- [To do]
From the line below that contains "The 'West', Islam and Islamism" to the line that contains "Tucker Elliot Quotes 773640", repeat every line exactly, both ends included, and nothing else.

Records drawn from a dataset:
##########

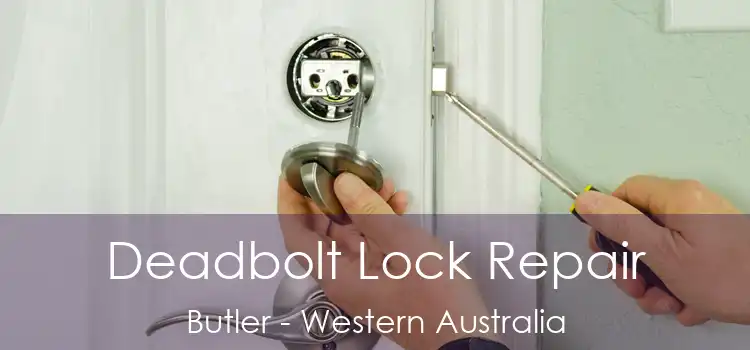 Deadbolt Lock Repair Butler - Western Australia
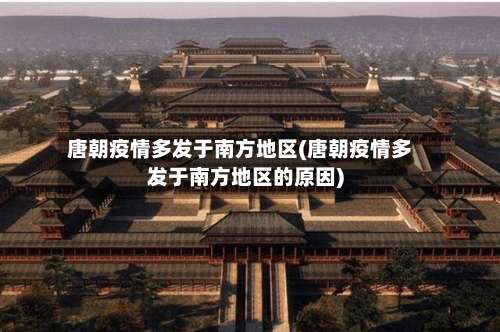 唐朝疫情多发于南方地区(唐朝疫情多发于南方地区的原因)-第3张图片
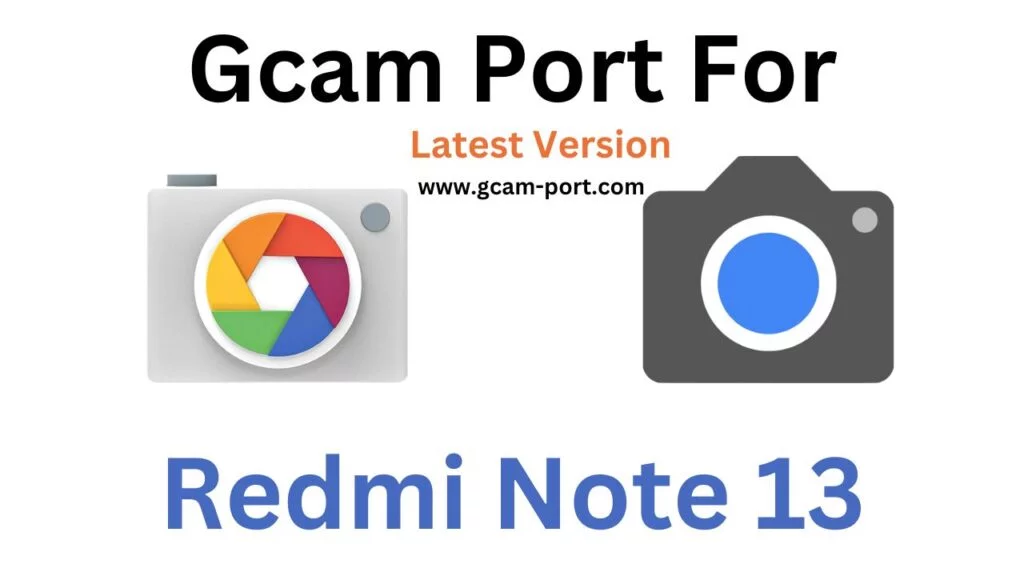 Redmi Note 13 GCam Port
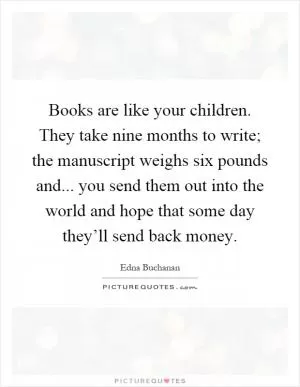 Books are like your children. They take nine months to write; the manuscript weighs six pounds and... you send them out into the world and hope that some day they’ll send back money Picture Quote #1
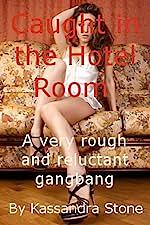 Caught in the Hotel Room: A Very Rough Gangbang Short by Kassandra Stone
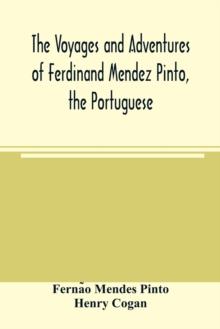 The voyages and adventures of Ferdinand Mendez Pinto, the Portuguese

##########

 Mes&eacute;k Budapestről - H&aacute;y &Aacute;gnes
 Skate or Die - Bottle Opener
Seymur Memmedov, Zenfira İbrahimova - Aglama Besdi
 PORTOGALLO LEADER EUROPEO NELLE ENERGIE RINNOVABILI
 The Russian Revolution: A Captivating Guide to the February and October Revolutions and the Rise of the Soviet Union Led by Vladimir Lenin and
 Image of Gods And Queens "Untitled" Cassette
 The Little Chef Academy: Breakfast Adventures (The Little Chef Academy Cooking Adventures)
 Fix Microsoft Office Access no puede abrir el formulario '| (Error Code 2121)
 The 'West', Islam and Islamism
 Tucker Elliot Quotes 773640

##########

- [Answer to the exercise]
 The 'West', Islam and Islamism
 Tucker Elliot Quotes 773640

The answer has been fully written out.